4.2 Taxonomy of Dangerous Instructions

Following Oracle’s JAVA API and documentation [2527], three categories of Java instructions were used to classify execution paths in IB. (i) Control Flow instructions, (ii) Input Vector instructions and (iii) potentially exploitable methods (sinks). 159 Java methods were reviewed and gathered from formal publications and organizations that specifically classify exploits and, consequently, any instructions used in them [26, 27, 37].

The taxonomy’s methods were grouped into five categories of Severity corresponding to the taxonomy’s Severity ranks. We based the Severity classification ranks for ranking instructions on the well-known international Common Vulnerability Scoring System (CVSS) scoring system [37] and the Common Weakness Enumeration system [38]. CVSS classifies potential vulnerabilities into danger levels and is used by NIST’s National Vulnerability Database (NVD) to manage an entire database of vulnerabilities found in deployed software.

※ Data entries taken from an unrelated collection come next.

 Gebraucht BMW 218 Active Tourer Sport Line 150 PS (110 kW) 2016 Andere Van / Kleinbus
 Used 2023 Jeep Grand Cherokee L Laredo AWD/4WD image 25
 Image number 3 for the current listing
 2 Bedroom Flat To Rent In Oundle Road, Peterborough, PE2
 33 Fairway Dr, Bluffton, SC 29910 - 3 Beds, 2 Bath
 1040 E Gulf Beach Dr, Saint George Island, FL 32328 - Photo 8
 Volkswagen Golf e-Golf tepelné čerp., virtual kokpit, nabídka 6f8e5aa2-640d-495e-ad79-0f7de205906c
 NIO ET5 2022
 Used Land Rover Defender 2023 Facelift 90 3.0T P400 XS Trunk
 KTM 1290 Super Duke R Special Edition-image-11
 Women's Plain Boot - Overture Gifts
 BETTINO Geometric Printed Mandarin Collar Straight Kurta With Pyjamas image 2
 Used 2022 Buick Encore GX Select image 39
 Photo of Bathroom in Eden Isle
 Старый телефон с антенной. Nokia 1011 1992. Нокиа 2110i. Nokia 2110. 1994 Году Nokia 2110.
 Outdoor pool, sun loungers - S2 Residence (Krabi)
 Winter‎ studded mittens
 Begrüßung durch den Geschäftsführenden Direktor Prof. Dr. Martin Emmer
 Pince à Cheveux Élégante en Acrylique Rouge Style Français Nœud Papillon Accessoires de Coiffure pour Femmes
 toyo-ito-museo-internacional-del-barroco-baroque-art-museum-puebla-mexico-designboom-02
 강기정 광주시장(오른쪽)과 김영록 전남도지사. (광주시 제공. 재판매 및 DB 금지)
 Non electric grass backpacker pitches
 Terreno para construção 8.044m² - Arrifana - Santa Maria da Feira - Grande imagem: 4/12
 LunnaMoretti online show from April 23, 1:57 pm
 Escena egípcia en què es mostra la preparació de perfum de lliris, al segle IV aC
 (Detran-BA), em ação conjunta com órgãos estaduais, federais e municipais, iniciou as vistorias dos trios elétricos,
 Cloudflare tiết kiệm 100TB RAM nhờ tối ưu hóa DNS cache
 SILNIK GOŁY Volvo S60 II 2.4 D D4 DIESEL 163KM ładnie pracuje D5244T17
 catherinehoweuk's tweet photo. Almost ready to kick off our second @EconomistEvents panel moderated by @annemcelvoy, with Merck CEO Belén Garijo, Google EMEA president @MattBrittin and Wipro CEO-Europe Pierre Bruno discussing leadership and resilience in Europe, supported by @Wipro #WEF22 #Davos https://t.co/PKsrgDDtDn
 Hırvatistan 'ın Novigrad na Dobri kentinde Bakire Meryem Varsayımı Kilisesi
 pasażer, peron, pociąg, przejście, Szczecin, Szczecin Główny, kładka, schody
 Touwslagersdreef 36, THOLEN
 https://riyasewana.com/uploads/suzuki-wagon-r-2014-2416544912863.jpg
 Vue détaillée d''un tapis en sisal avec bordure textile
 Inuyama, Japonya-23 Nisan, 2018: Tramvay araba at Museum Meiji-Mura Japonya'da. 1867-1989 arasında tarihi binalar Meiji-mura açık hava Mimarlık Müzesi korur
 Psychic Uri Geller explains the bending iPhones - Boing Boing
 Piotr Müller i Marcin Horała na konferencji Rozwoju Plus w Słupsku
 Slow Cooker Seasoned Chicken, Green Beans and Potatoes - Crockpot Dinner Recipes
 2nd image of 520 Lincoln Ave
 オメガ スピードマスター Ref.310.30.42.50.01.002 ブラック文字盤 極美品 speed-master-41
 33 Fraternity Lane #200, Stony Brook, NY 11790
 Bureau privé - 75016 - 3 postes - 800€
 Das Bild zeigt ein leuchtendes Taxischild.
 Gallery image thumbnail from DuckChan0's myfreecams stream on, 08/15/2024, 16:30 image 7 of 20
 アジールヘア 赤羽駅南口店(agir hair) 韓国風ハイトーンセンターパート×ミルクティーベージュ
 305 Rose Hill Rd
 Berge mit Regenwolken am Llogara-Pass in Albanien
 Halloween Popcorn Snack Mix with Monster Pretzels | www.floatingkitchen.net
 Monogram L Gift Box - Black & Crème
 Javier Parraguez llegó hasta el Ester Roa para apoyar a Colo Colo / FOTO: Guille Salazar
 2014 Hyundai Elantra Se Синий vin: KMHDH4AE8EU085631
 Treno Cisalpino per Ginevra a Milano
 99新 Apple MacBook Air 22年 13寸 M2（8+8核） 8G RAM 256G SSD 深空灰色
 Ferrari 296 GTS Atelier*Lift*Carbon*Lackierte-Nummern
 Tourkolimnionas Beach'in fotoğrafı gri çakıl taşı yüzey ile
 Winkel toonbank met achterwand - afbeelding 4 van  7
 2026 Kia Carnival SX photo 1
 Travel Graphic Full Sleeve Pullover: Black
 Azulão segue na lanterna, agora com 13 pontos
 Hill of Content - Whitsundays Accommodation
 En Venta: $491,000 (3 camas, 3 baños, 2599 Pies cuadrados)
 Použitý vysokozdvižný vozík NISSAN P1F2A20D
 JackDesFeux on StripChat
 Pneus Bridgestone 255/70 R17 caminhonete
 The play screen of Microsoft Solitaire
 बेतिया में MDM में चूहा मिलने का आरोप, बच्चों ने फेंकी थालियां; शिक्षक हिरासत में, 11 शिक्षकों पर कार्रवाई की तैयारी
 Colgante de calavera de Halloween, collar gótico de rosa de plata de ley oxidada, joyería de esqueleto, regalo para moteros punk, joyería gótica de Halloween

The NVD is also using the CWE system as a classification mechanism that differentiates CVE by the type of vulnerability they represent. The Common Weakness Scoring System (CWSS) [40] provides a mechanism for prioritizing software weaknesses. It applies scores into vulnerabilities based on a mathematical formula of characteristics.

Entroine uses all three of these systems, NVD-CVSS, CWE and CWSS ranking to assign source code instructions to specific danger levels, according the type of vulnerability, in which they participate, its general SWSS score and corresponding ranking value in similar CVSS vulnerabilities that we found.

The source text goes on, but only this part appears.